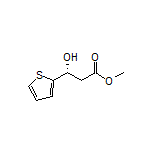 Methyl (R)-3-Hydroxy-3-(2-thienyl)propanoate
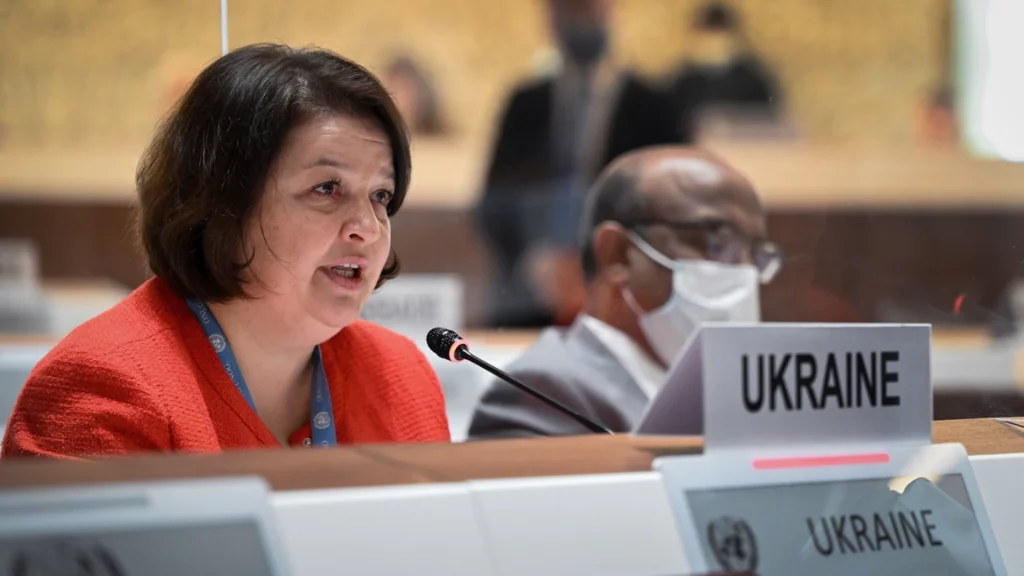 The Russian-Ukrainian conflict reaches the UN Human Rights Council
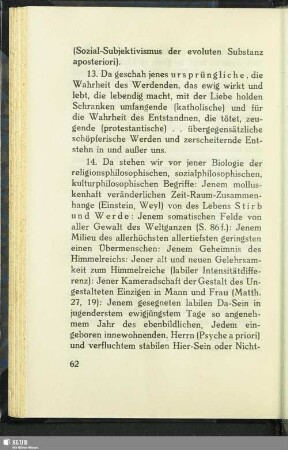 13. [Religiöse Urform]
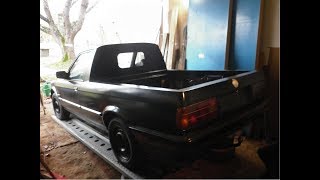 bmw e30 pick-up ( base berline )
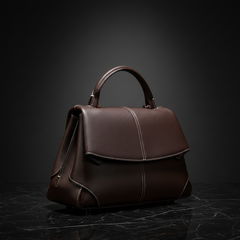 Maison Faux Crossbody Satchel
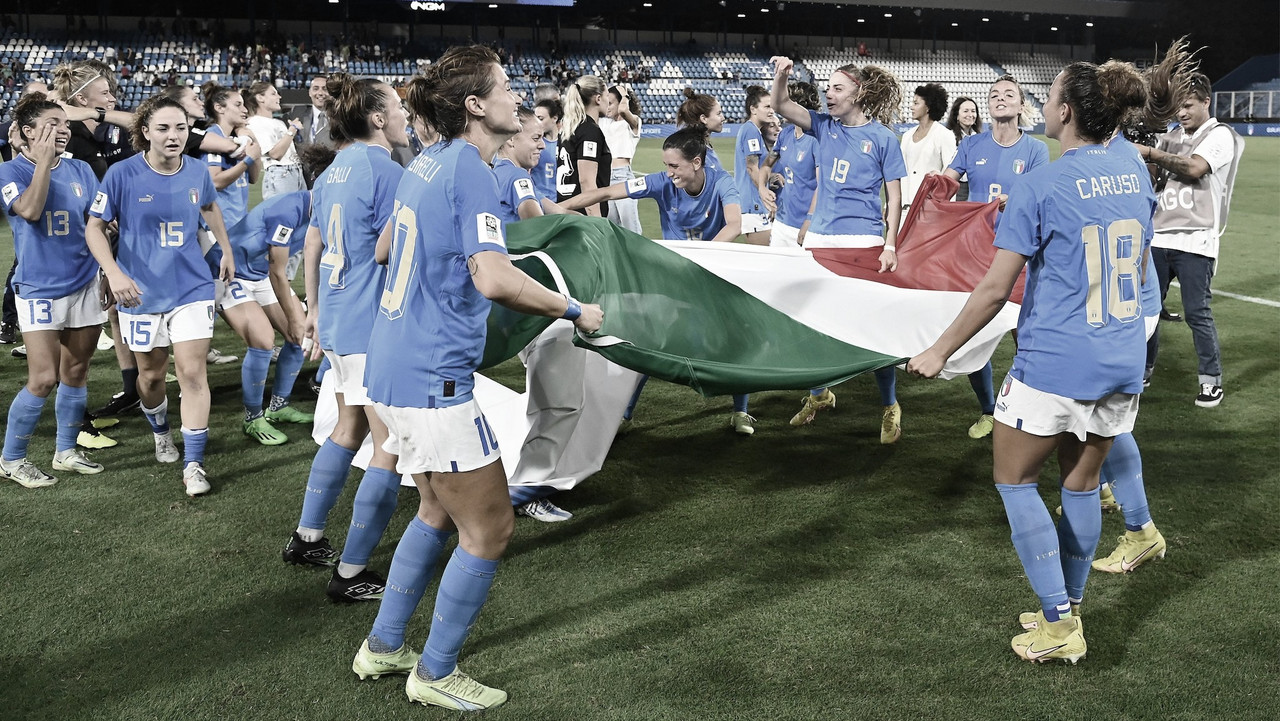 El camino a Australia y Nueva Zelanda 2023: Italia y Países Bajos, clasificadas al Mundial Femenino 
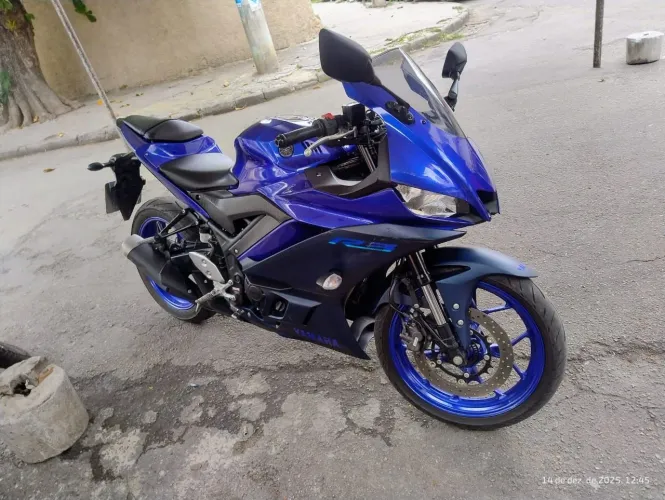 Título: Yamaha R3 2024 | Único Dono | Menos de 3.000 km | Impecável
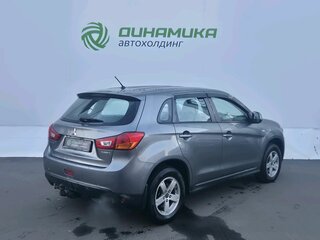 2013 Mitsubishi ASX I, серый, 1145000 рублей, вид 5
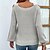 cheap Sweaters-Women&#039;s Sweater Pullover Halter Neck Crochet Knit Polyester Knitted Hole Fall Winter Outdoor Daily Going out Stylish Casual Soft Long Sleeve Solid Color Pink Khaki Beige S M L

Required action: Omit the pictures and write out the lines above from the one with "El camino a" through the last, unchanged.

Expected output:
 El camino a Australia y Nueva Zelanda 2023: Italia y Países Bajos, clasificadas al Mundial Femenino 
 Título: Yamaha R3 2024 | Único Dono | Menos de 3.000 km | Impecável
 2013 Mitsubishi ASX I, серый, 1145000 рублей, вид 5
 cheap Sweaters-Women&#039;s Sweater Pullover Halter Neck Crochet Knit Polyester Knitted Hole Fall Winter Outdoor Daily Going out Stylish Casual Soft Long Sleeve Solid Color Pink Khaki Beige S M L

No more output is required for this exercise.